» **Exercise inputs**:
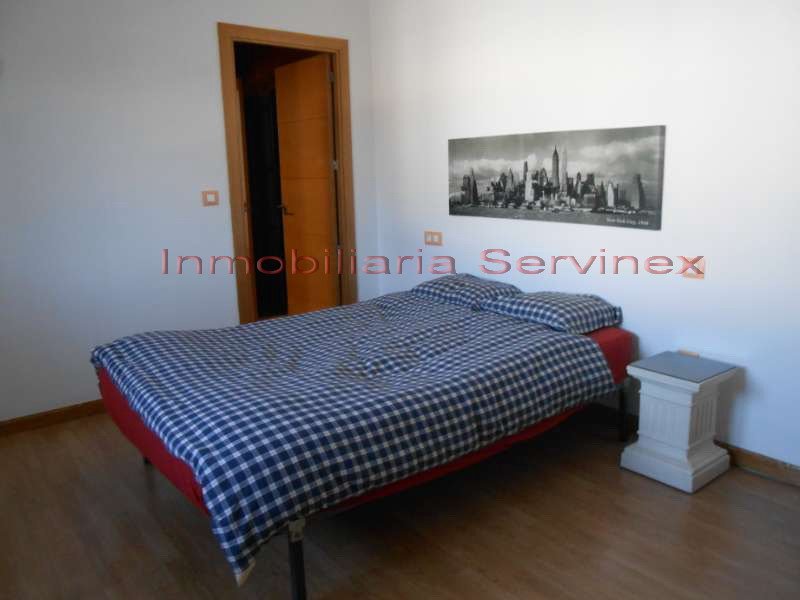 NAVE CON VIVIENDA EN EL POLÍGONO CAMPO ARAÑUELO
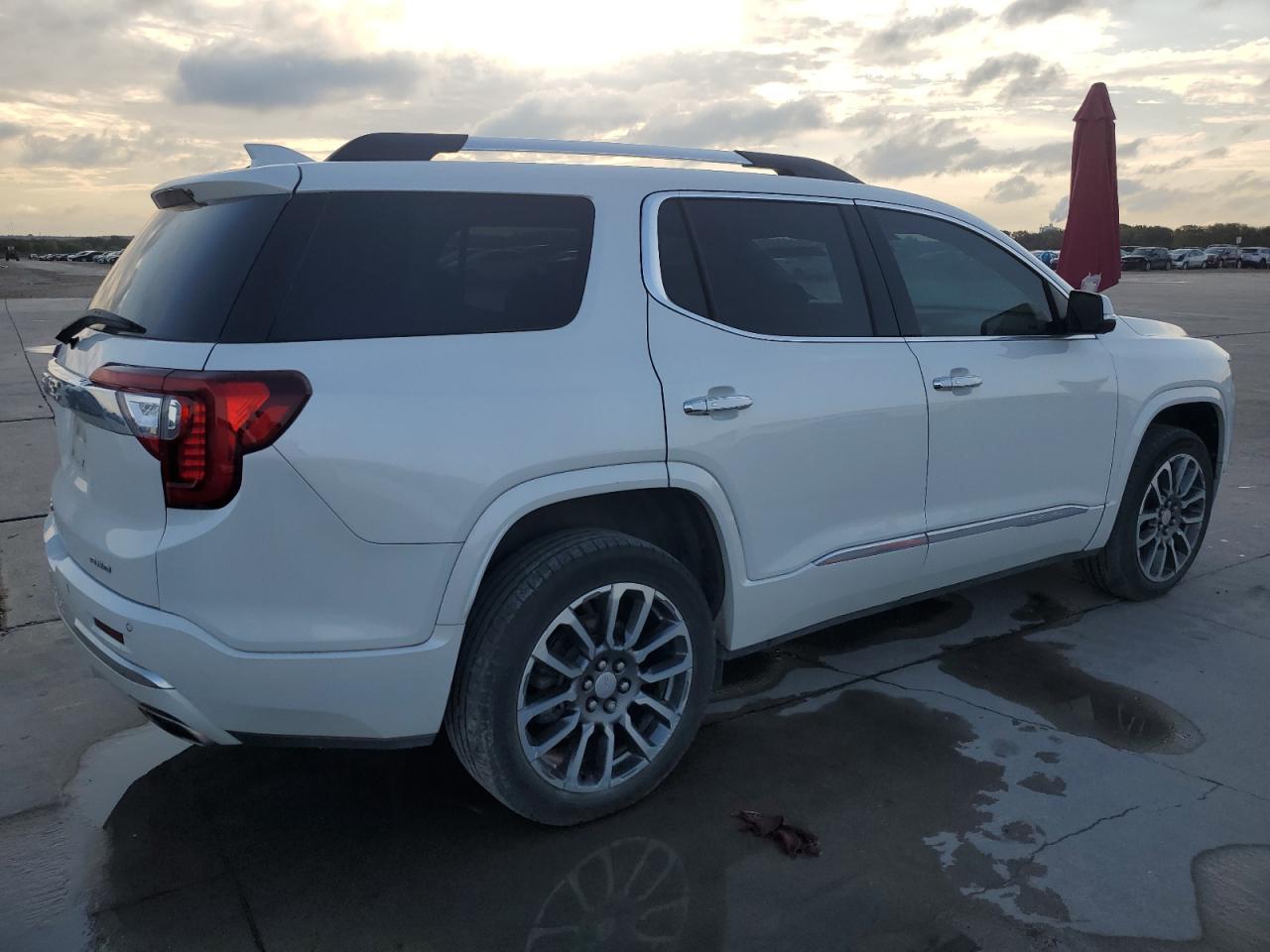 2021 GMC Acadia - Image 3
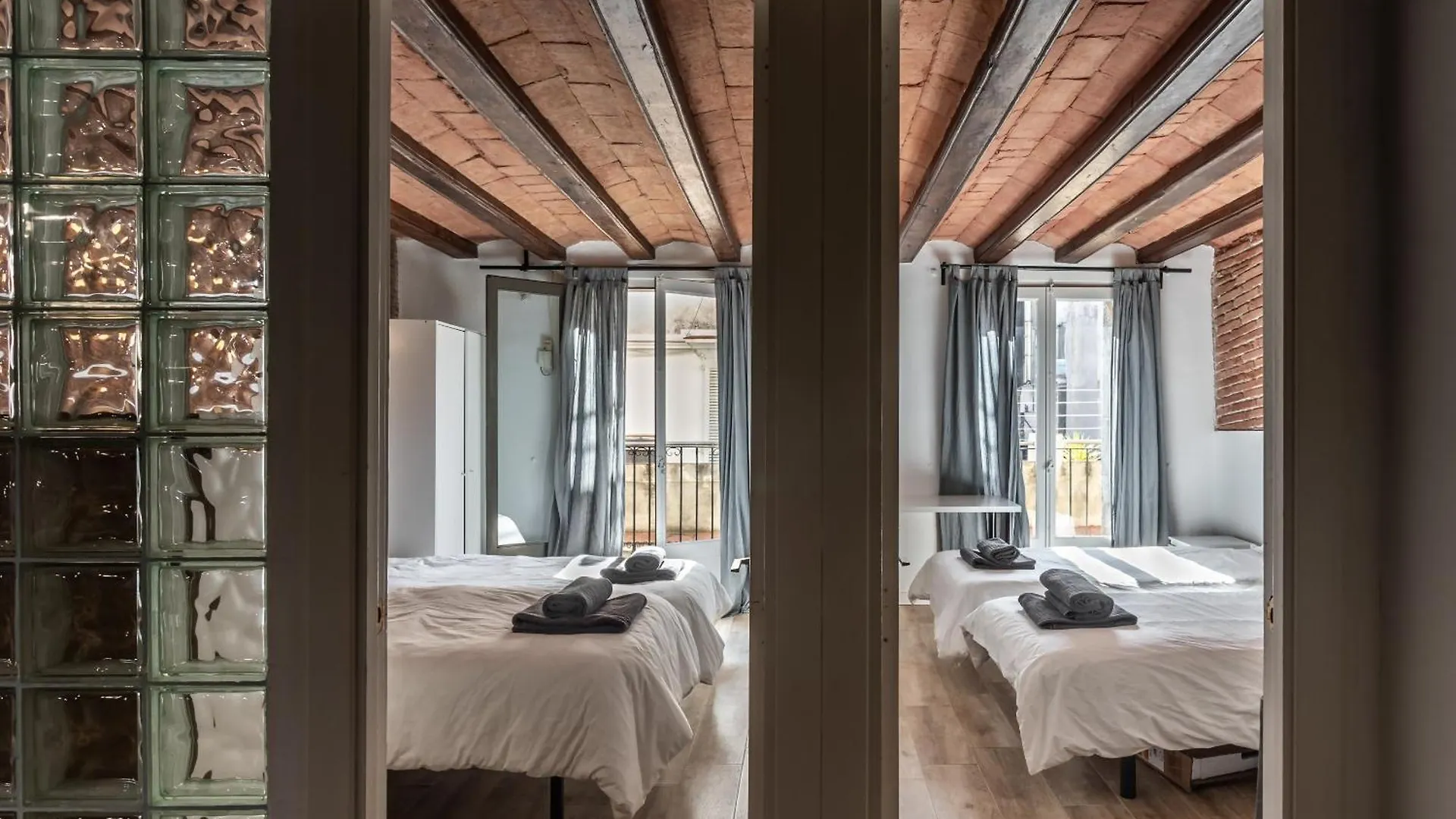 Apartamento La Boqueria 4 Apartment Barcelona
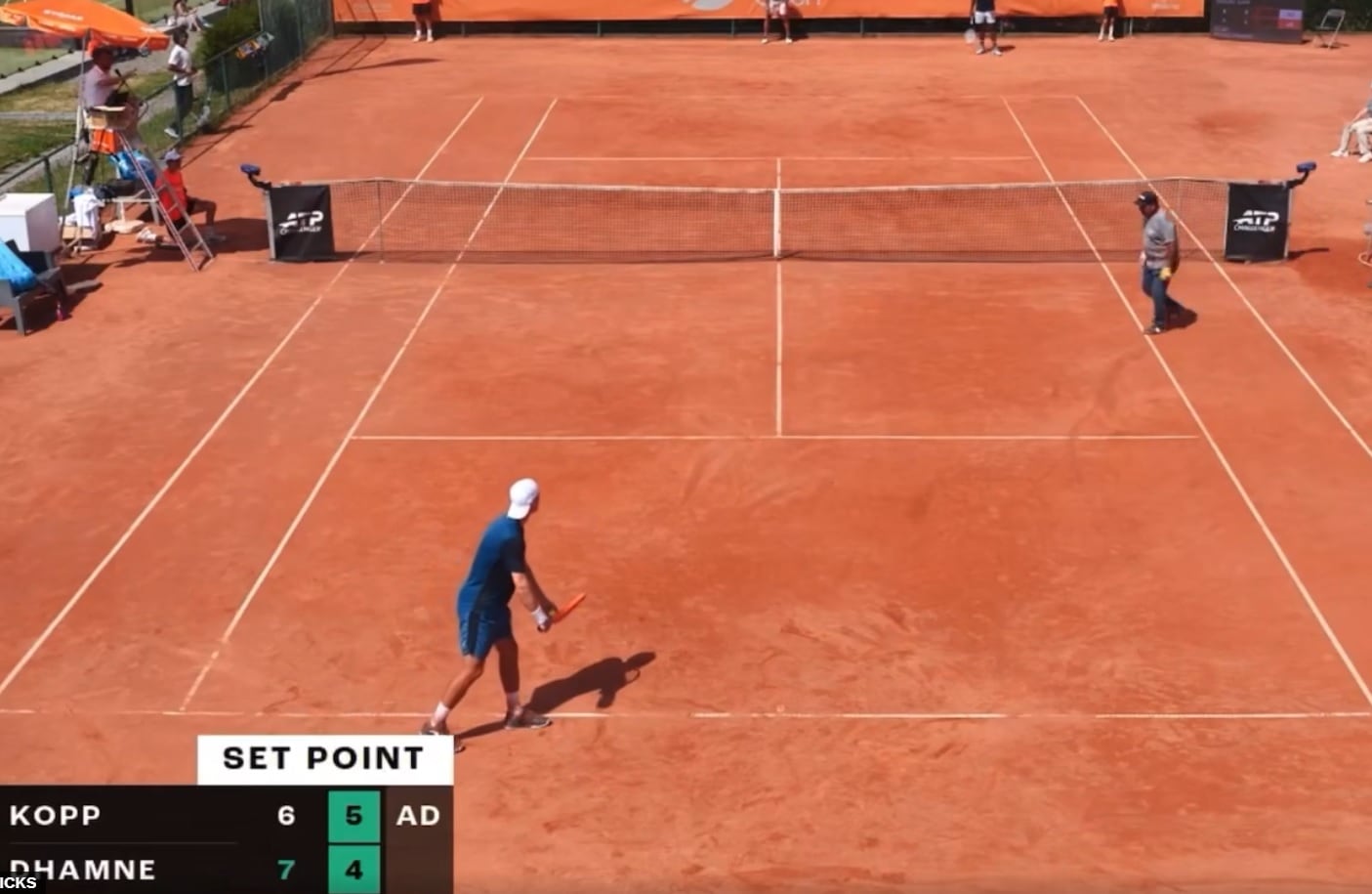 Listo para sacar en un set point, el austríaco Kopp se ve sorprendido por un canchero distrído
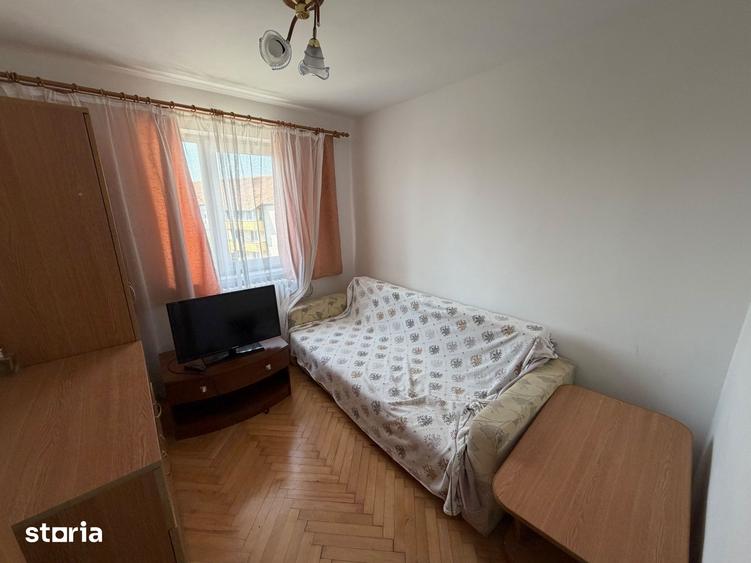 Apartament cu 3 camere în Cetate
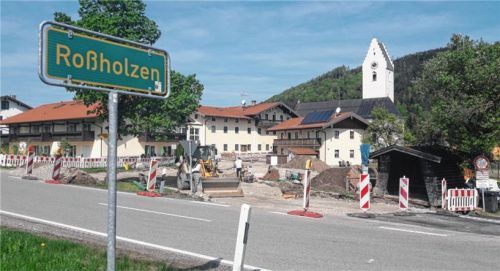 Der Gemeinderat Samerberg korrigierte die Planung für den Pflasterbereich im Dorfmittelpunkt in Roßholzen noch einmal. Unsere Aufnahme zeigt den betroffenen Baustellenbereich. Foto re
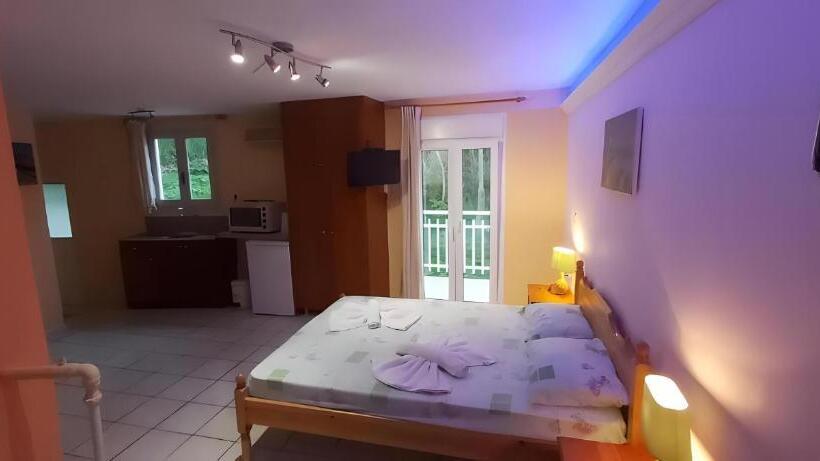 استودیوی لوکس, Elefteria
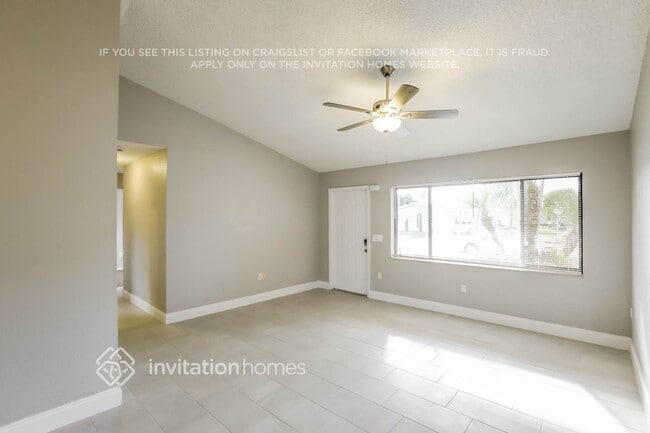 Foto del edificio - 4580 NW 113th Terrace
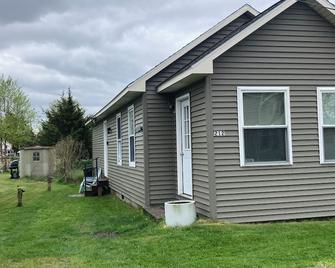 The Canal View Cottage - Sylvan Beach - Building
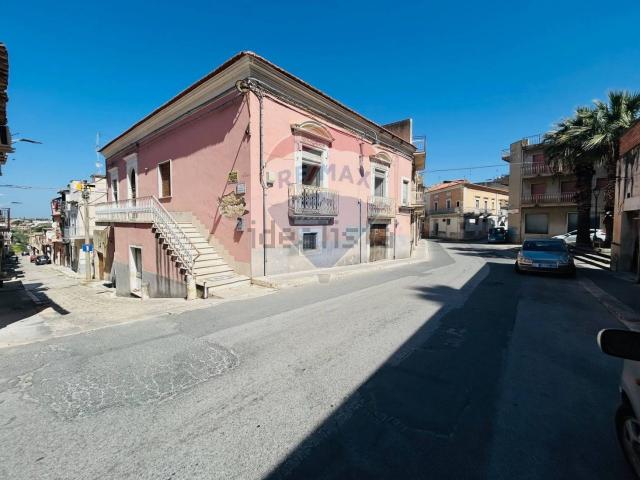Casa in vendita a Comiso, Sicilia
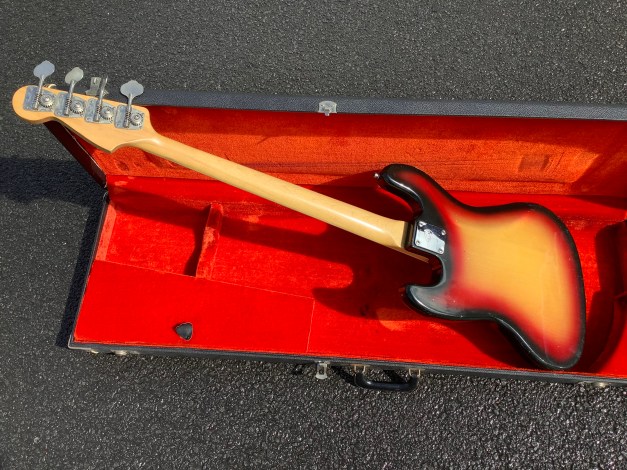 6708342E-AF0D-42F9-AB47-02172BF95F4E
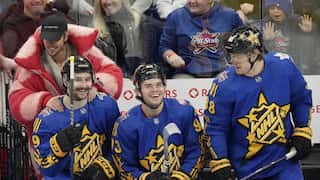 Justin Bieber takes the ice, grabs the spotlight at NHL All-Star Weekend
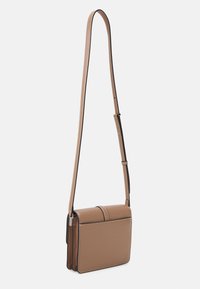 Hnědá kožená kabelka přes rameno s hladkou texturou, obdélníkovým tvarem, ramenním popruhem a bílým prošíváním podél okrajů.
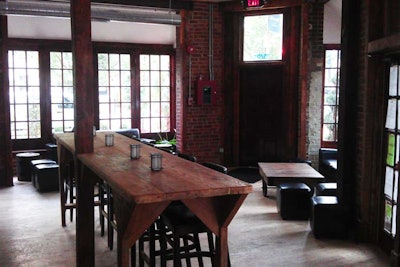 Shaw's Tavern keeps a rustic old tavern-style ambience with exposed brick walls and support beams, wooden tables, and dark leather furniture.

» **Exercise objective**:
Copy the entries above verbatim. Pictures do not belong in the copy.

» **Reply to the exercise**:
 NAVE CON VIVIENDA EN EL POLÍGONO CAMPO ARAÑUELO
 2021 GMC Acadia - Image 3
 Apartamento La Boqueria 4 Apartment Barcelona
 Listo para sacar en un set point, el austríaco Kopp se ve sorprendido por un canchero distrído
 Apartament cu 3 camere în Cetate
 Der Gemeinderat Samerberg korrigierte die Planung für den Pflasterbereich im Dorfmittelpunkt in Roßholzen noch einmal. Unsere Aufnahme zeigt den betroffenen Baustellenbereich. Foto re
 استودیوی لوکس, Elefteria
 Foto del edificio - 4580 NW 113th Terrace
 The Canal View Cottage - Sylvan Beach - Building
Casa in vendita a Comiso, Sicilia
 6708342E-AF0D-42F9-AB47-02172BF95F4E
 Justin Bieber takes the ice, grabs the spotlight at NHL All-Star Weekend
 Hnědá kožená kabelka přes rameno s hladkou texturou, obdélníkovým tvarem, ramenním popruhem a bílým prošíváním podél okrajů.
 Shaw's Tavern keeps a rustic old tavern-style ambience with exposed brick walls and support beams, wooden tables, and dark leather furniture.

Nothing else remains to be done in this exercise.